"In nature, light creates color; in painting, color creates light"- Hans Hoffman
Last month, I found this wonderful oil painter, Mary Gilkerson. You should check out her website, and her discussion of the benefits and habit of daily painting. Wonderful stuff! She also has a couple of videos, both about using Color and about Composition, that I just loved. Is there stuff about oil painting, that doesn't really relate to watercolors? Yes. But if you skip around to the right parts of the video, you can get lots of wonderful input! Don't let it being about oils distract you too much. Yes, she talks about premixing her gradients of greys. Yes, she's going about laying in her opaque colors 100% differently. So, we need to build our paintings differently than she is. The order of things is different. But the concepts behind the building process, the thinking, is very similar.
So, lets dive in!
First, start at the 4 minute mark. There's a odd sort of loop at the beginning, where she lays out details and quotes, and then the video repeats them at the 4 minute mark. So, I would start there. There's good stuff here! And it relates to a lot of what she talks about later.

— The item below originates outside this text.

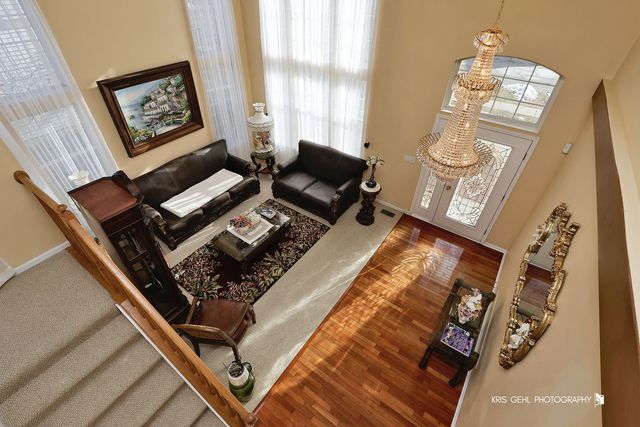 450 W Daybreak Lane, Round Lake, IL 60073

The biggest conceptual thread throughout the video is talking about two Hans Hoffman quotes. This is the first one-
#1- "In nature, light creates the color, but in paintings, color creates the light."
What does that really mean though? The short of it is the oft noted concept that you're not painting objects, but instead are painting the light that bounces off the object. The goal is to replicate the experience of seeing things in the real world, where light illuminates things, but to do so with pigments that have a far more limited spectrum to pull from. So, much like Monet in the last post, you've got to manipulate and combine the colors you've got in various illusory ways, to re-create that vivid experience of "being there"... even if the final painting doesn't look exactly like a photo does.
#2- "It's not the form that dictates the color, but the color that brings out the form"
This is about the difference between optical and local color. Namely, the color we see, rather than what we think the color is intellectually. Don't paint what you think an apple looks like (red), but instead practice seeing, so that you can paint what you see, even if it doesn't agree with what your mind presumes is true. A red apple that is brightly lit may come off as orange or yellow, instead of pale ("brighter") red.
Minutes 21:00- end
As watercolorists, IMO, we can skip minutes 14-21. This is where she spends a reasonable amount of time talking about materials. A lot of this doesn't apply to watercolorists, because she's discussing the details oil paints and how they work. Does she touch on having a warm and a cool of each hue? Yes. Does she note that painting with paints, instead of reading about colors, is the best way to learn color theory? Yep. But other than that, for us as watercolorists, we can skip to the 20 minute mark.
From here on out, Mary goes into a series of broadly applicable concepts, and shows some wonderful examples of how value and color can be used to express light, rather than value alone. The idea is to manipulate- 1) value, 2) intensity, and 3) temperature. She presents the idea of pre-mixing your colors, to help build a cohesive color scheme. She shows us some on location photos, so we can see how she is interpreting things. Much like the Monet paintings I shared last time, she takes apart a small painting she's done, and shows us a bit of how it works by desaturating it. Yes, there are value differences hiding in there, but in much of her paintings, it's really color work that is making the difference- the comparative values of the colors she's using (colors have values!), the comparative intensity of the colors she's using (grays versus pure colors), and the temperatures of her colors (warms versus cools).
It's a very interesting video, and quite relevant to all artists working with color- including watercolorists!